There hasn’t been a genuinely exciting Batman reveal in many, many years. The Ben Affleck Batman costume as revealed in 2014 ahead of Batman v Superman: Dawn of Justice was so pathetically depressing that it sparked a “Sad Batman” meme. After that, it’s been mostly zip on intriguing Bat-related revelations. The DC Extended Universe movie starring the character were largely incoherent or emotionally inert, and Ben Affleck eventually departed the role.
SEE ALSO: The Sleek New Batmobile From ‘The Batman’ Is Here
Enter director Matt Reeves (Cloverfield, the Planet of the Apes remakes) and our new Bruce Wayne/Batman, actor Robert Pattinson (The Lighthouse, Twilight)—one of the most interesting actors Hollywood’s got right now. Their take on the character drops in 2021 and looks to be a return to form for the caped crusader. Reeves just whet our appetites with a costume reveal and camera test on Twitter this afternoon. Let’s go to the tape:
#TheBatman#CameraTesthttps://t.co/M1tAE2aTA1
— Matt Reeves (@mattreevesLA) February 13, 2020
The elements are all there. Pattinson’s Batman has a dark cowl, an armored chest-plate with an earless bat logo on it and a cape that seems to be bound at the neck and shaped into a wide collar. It’s hard to tell in the dark, short teaser clip—which is less than a minute long—but Pattinson’s head seems to widen out near the top, suggesting that bat ears on the headpiece point outward and away from his head, just like they did in Batman’s very first comics appearances dating back to more than 80 years ago, in Detective Comics #27 from 1939. On that cover, too, the bat logo did not have ears on it. As eagle-eyed fans on Twitter have pointed out, the bat logo is also shaped out of two pistol grips, a likely reference to the comics lore that Batman built his costume partly out of the gun that was used to kill his parents in his origin story.

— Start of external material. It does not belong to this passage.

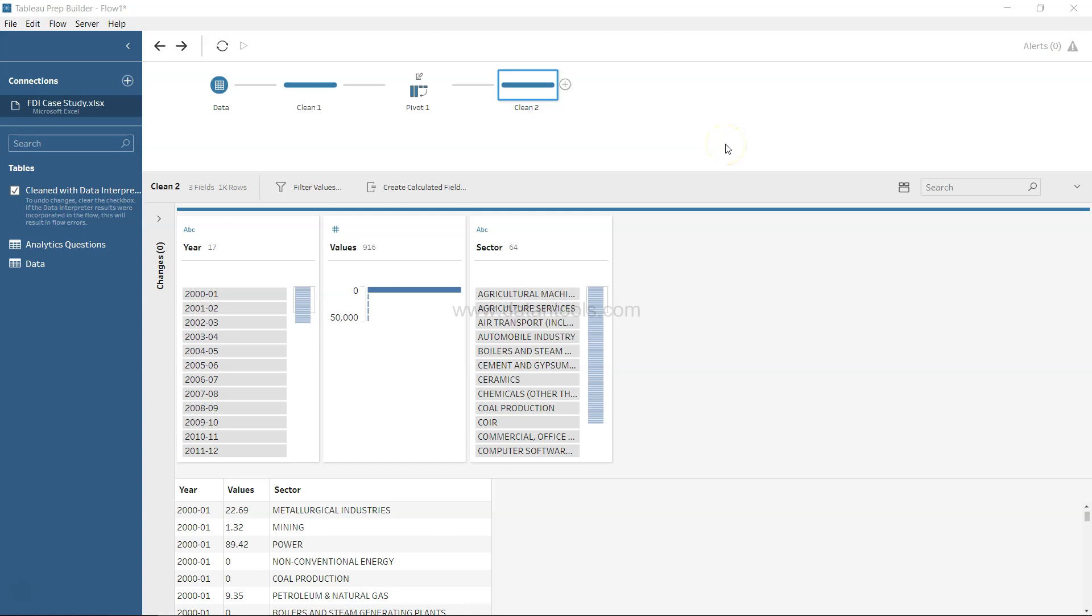Hi there, welcome back to the next video. In this video I'm going to show you how you can aggregate data within Tableau Prep.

All this points toward a big effort to reference the character’s earliest superheroics from the Golden Age of comics. If Reeves and Pattinson are in fact adding retro flavors to their on the character, that could mean great things for this movie. Tim Burton’s Batman from 1989 famously and very successfully used its production design and costuming to transport its audience to a gothic, 1940s-influenced Gotham City, with a Batman who fought a Joker who more closely resembled an old-school gangster than Joaquin Phoenix’s Oscar-winning, if controversial take on the character.
Batman 1989, the Burton-directed Batman Returns, and the legendary cartoon Batman: The Animated Series paid homage to the character’s roots in the ’40s in various ways (and massive commercial and critical acclaim), so it’ll be exciting to see where this goes. That said, it’s still early. We’ll only get the full reveal much closer to June 25, 2021, when The Batman debuts in theaters.